Sejak awal disadari bahwa, agar internet terdesentralisasi dapat mencapai potensi penuhnya, tata kelolanya juga perlu didesentralisasi. Kolaborasi menjadi sangat penting—keberadaan dan pertumbuhan internet membutuhkan partisipasi pemerintah, insinyur, badan standar, sektor swasta, masyarakat sipil, dan lain-lain. Tata kelola multi-pemangku kepentingan dimasukkan sebagai istilah pasca-WSIS dan menjadi sinonim dengan cara kolaboratif dalam mengelola internet ini.
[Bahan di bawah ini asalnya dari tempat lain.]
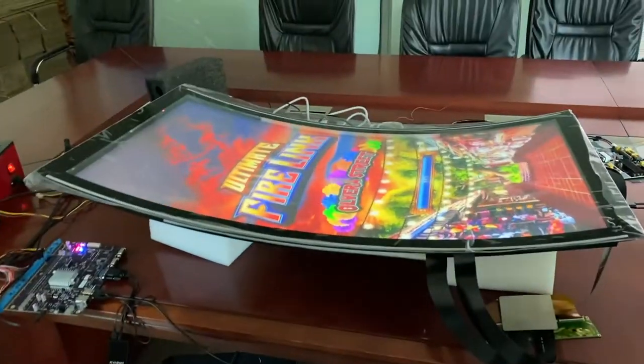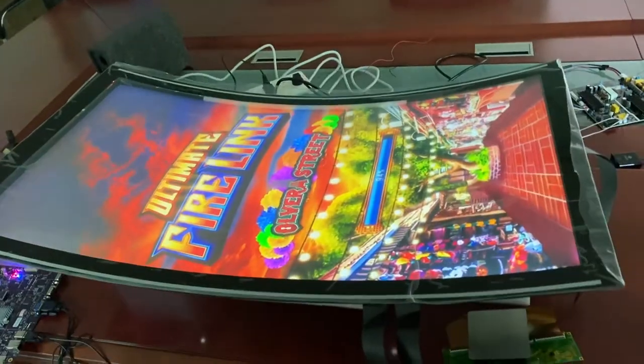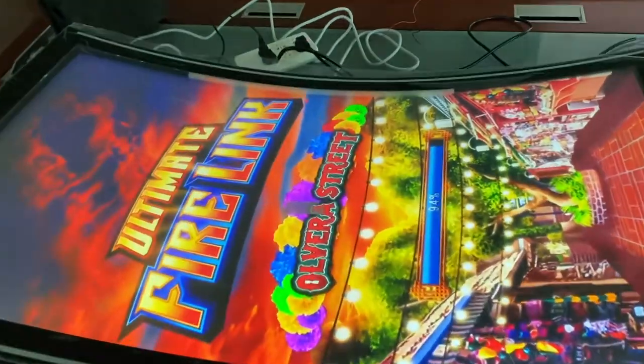This is a touch screen 43-inch fairing ink over the street.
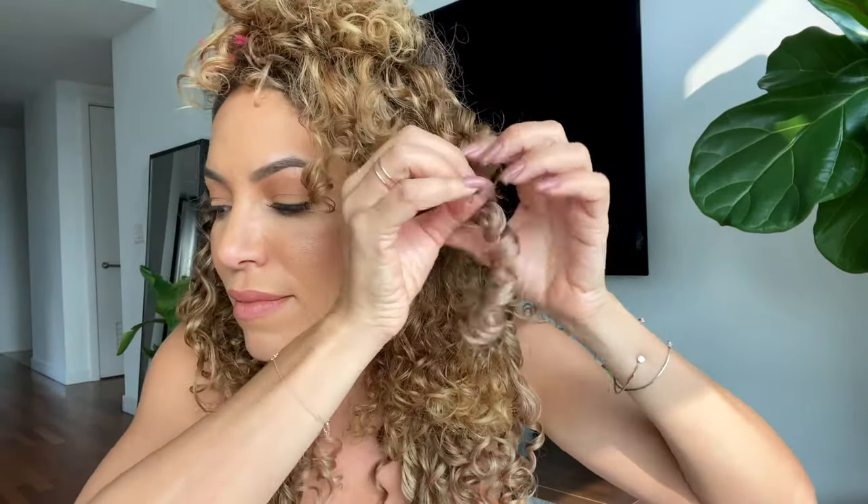As you're clipping in the set, open the curls in order to make them look more natural. We have created a super detailed step-by-step video showing you exactly what products to use and how to style your Bebonia extensions for a super defined bouncy curl. Check out that video on our YouTube page.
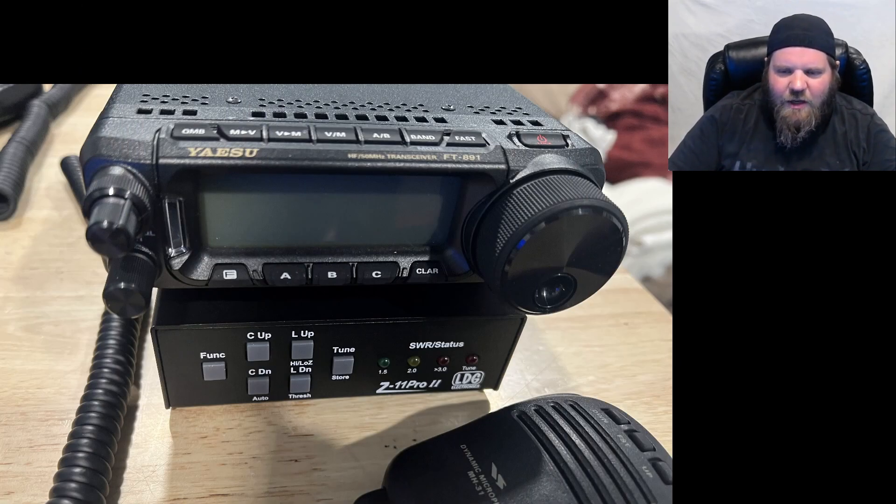Starting with my HF rig: I have a Yaesu FT-891, which works really well for portable operations. I paired it with an LDG Z11 Pro 2 tuner — I bought the cable that connects the two together, so you can hit the tune button on the radio and it knows what to do. I like this radio because it doesn't use as much power; I can keep it under about 17 amps even pushing a full 100 watts.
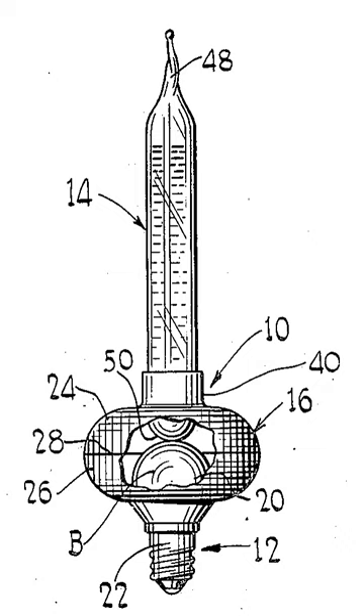Like many other Christmas decorations, they have been converted for Halloween use, usually with orange colored liquid and a base that looks like a Jack O'Lantern, or the head of a black cat or witch, among other Halloween symbols.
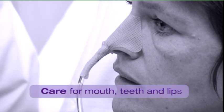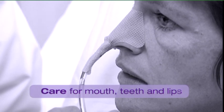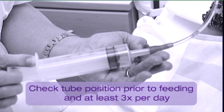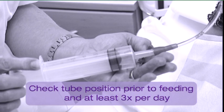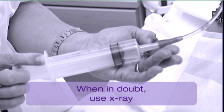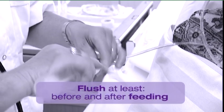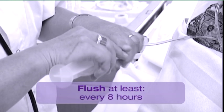Even if the patient is not able to eat, it is very important to take good care of the mouth, teeth, and lips. Check the position of the tube prior to feeding by measuring the pH value of gastric contents using pH paper — at least three times a day and with each change of nursing duty. When in doubt, use X-ray to check the position. Flush the tube with 20 to 40 milliliters of water before and after administration of feed or medication, and at least every eight hours.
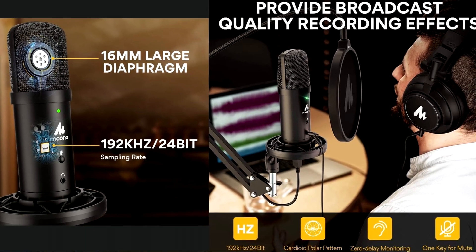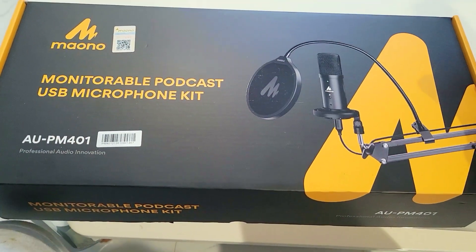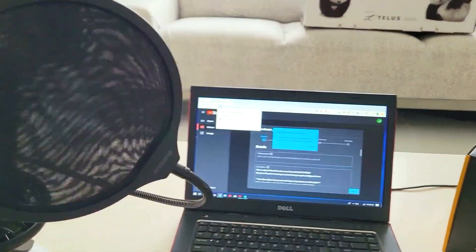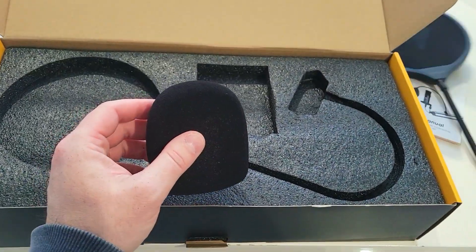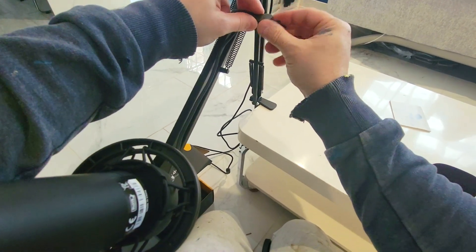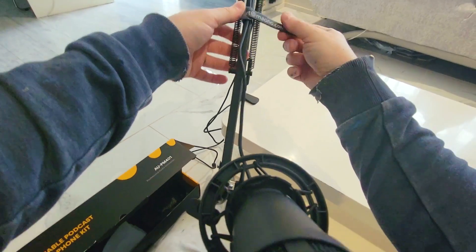We are going to be talking through this microphone now. This is the MUANO Professional AU PM401 review. If you are one of those individuals that wants great vocals and wants to almost sound more professional, I would strongly recommend getting yourself a podcaster or YouTuber microphone. We are also going to be looking at the 421, the Fairy, and another desktop USB microphone set, the AU042C.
Terlepas dari keterbatasan dan kekurangannya, bentuk tata kelola kolaboratif yang longgar ini telah menjadikan internet sebagai alat yang sangat penting seperti saat ini.
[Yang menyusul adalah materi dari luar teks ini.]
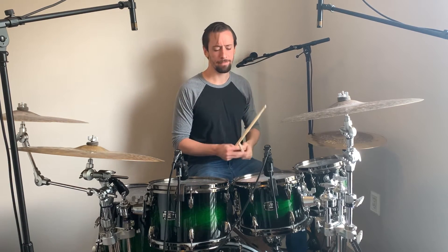So let's play through this nice and slow and slowly start speeding it up. That one is fun — I like playing that a lot. I've actually stolen Dennis' lick and I use it all the time.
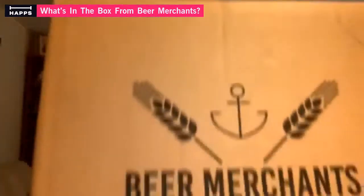I have more beer unboxing. I have another box from Beer Merchants, not as big as last night's box. This is my second box with the remainder of my beer order in, so let's see what's in this one.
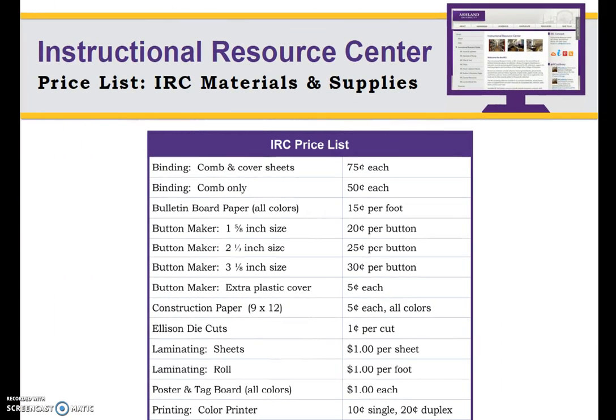A full price list for using equipment and supplies is available on the bulletin board next to the IRC desk. Prices are also posted on the IRC website. Are you ready for the quiz? Remember, feel free to review this video, peruse the materials in the handbook, and ask if you have any questions.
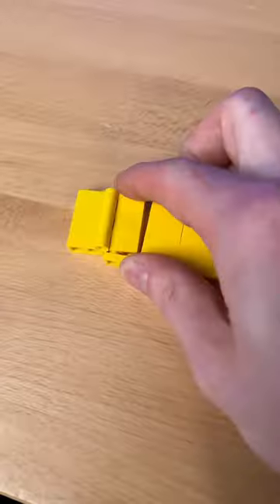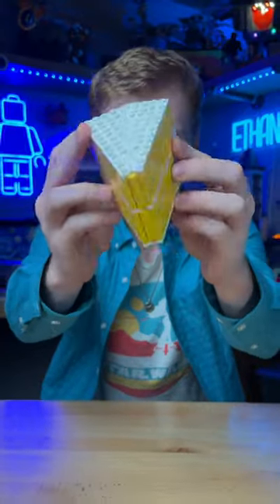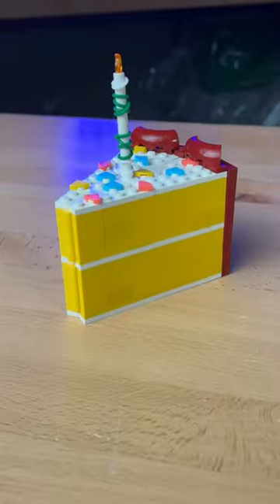Next, I grab this hinge, extend it on both sides while also adding plates on the bottom. I double the size and bend it like this. I add some side frosting, use these parts for sprinkles, and I can't forget the candle, which I wrap with rubber bands. And we got this birthday cake.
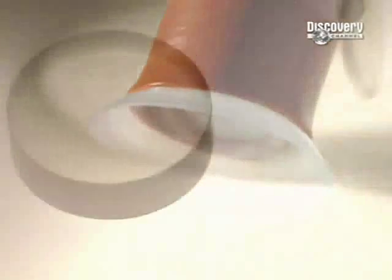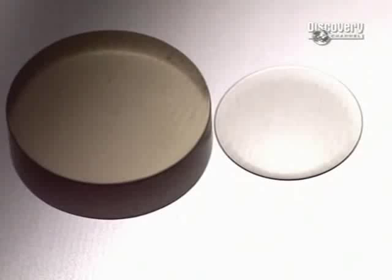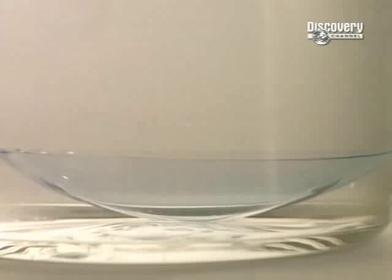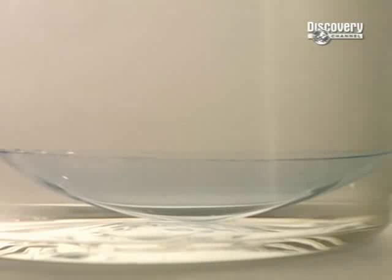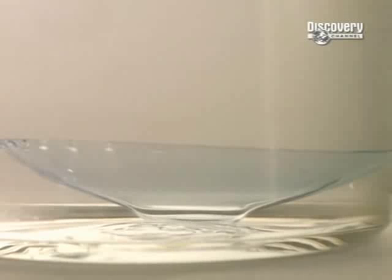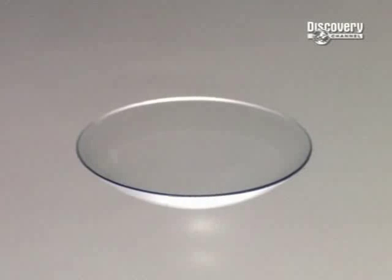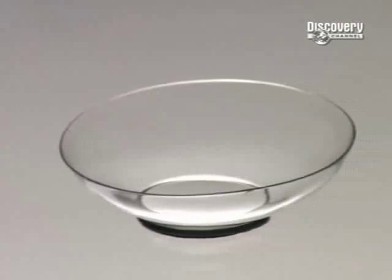A technician then polishes the rims of the lenses. The polymer is then hydrated to make it flexible. Lenses remain immersed in a balanced pH saline solution for 24 hours. The lens becomes engorged with liquid and expands, reaching the desired proportions.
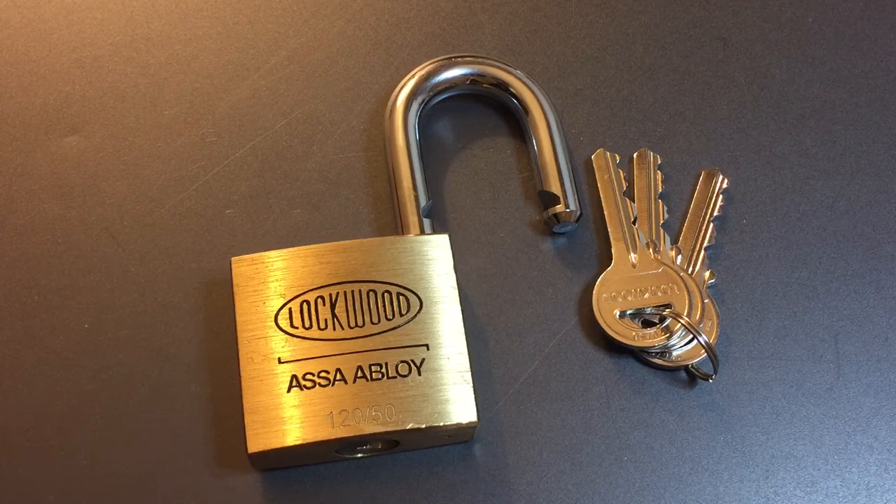This has been the Lockwood Model 12050. Kahn, Peter, William — thank you once again for this lock. To everyone else, if you have any questions or comments, please put them below. If you like this video and would like to see more like it, please subscribe, and as always, have a nice day. Thank you.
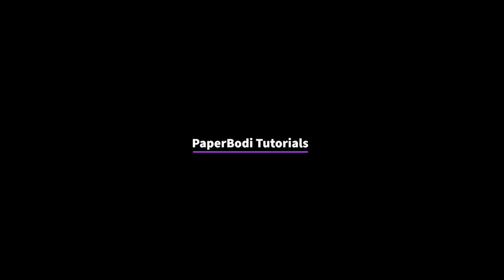Hi everyone, my name is Sam. Welcome to Paper Body Tutorials, where I show you how to create sculptures from paper and other materials. This tutorial will show you how to create a starfish.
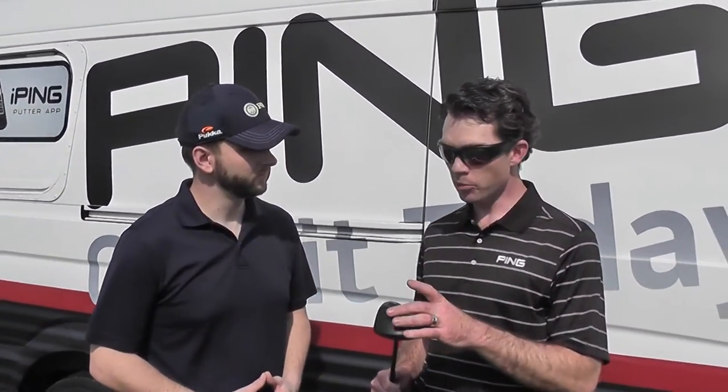At the same time, we packed a lot of forgiveness in this club. We have tungsten weights that weigh 20 grams — that's 10% of the mass of the whole club head in these tungsten weights. That pulls the CG low and back for really high inertia.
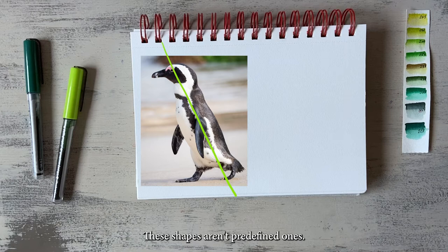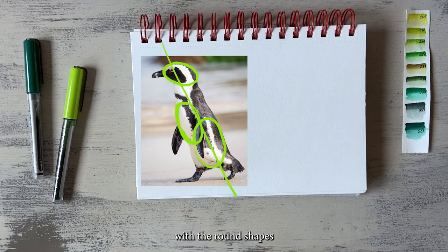Based on this line we can add the basic shapes that help us define the proportions of the penguin. The shapes aren't predefined ones — it's up to you to choose those shapes that help you most to structure the motif. In this case, with the round shapes of its body, ellipses seem a good help. I'm using one for the definition of the head, one to capture the roundness of its upper body, and one ellipse for the lower part of its body, including the walking hind leg.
GDC tidak memperhatikan sejarah atau fungsi ini. Selain menjadikan tata kelola sebagai urusan negara, GDC juga mewujudkan ambisi Perserikatan Bangsa-Bangsa untuk memiliki peran yang lebih sentral dalam tata kelola internet dan digital. Kantor Utusan Teknologi, di bawah Sekretaris Jenderal PBB (UNSG), menjelaskan niatnya untuk sentralisasi dalam tata kelola digital sejak awal. Pada tahun 2023, UNSG menerbitkan laporan kebijakan yang merekomendasikan pembentukan Forum Kerja Sama Digital; forum tersebut akan berfungsi sebagai “pengaturan hub and spoke yang akan membantu para pemangku kepentingan untuk mengidentifikasi kesenjangan dalam kerja sama multipihak” dan, bertindak sebagai tempat utama untuk mengoordinasikan kegiatan “forum dan inisiatif yang ada” yang akan bertanggung jawab untuk mendukung “penerjemahan tujuan Compact menjadi tindakan praktis […]”.
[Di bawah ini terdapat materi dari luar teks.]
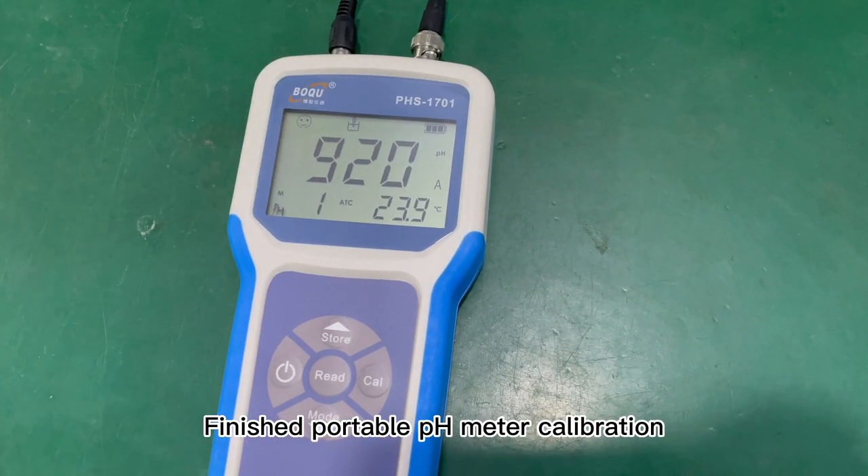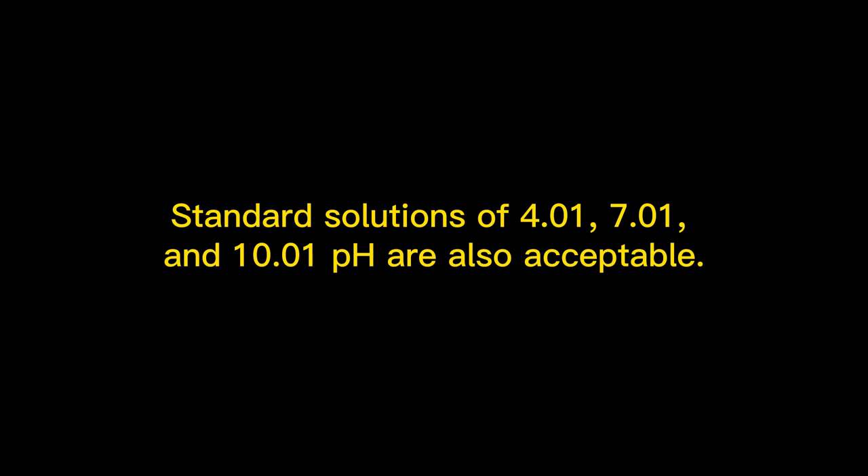Finished portable pH meter calibration. Note that if you can't buy the corresponding standard solution, standard solutions of 4.01, 7.01, and 10.01 pH are also acceptable.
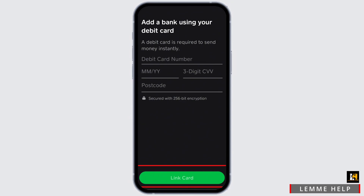Usually when we are using our card to transfer money, we will have to enter our card number, expiration date, three-digit CVV, and our postcode.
Setelah gagal mendapatkan dukungan dari kedua negara anggota dan komunitas internet yang lebih luas, gagasan Forum Kerja Sama Digital ditinggalkan. Niat PBB untuk memusatkan dan melembagakan bagian-bagian tata kelola digital tidak terwujud. Teks GDC yang disepakati secara final berbunyi: “[…], kami meminta Sekretaris Jenderal, setelah berkonsultasi dengan Negara-negara Anggota, untuk mengajukan proposal kepada Majelis Umum selama sesi ketujuh puluh sembilan untuk pembentukan Kantor Utusan Teknologi Sekretaris Jenderal untuk Teknologi, guna memfasilitasi koordinasi di seluruh sistem, bekerja sama erat dengan mekanisme yang ada.” Ini adalah sentralisasi yang terbaik.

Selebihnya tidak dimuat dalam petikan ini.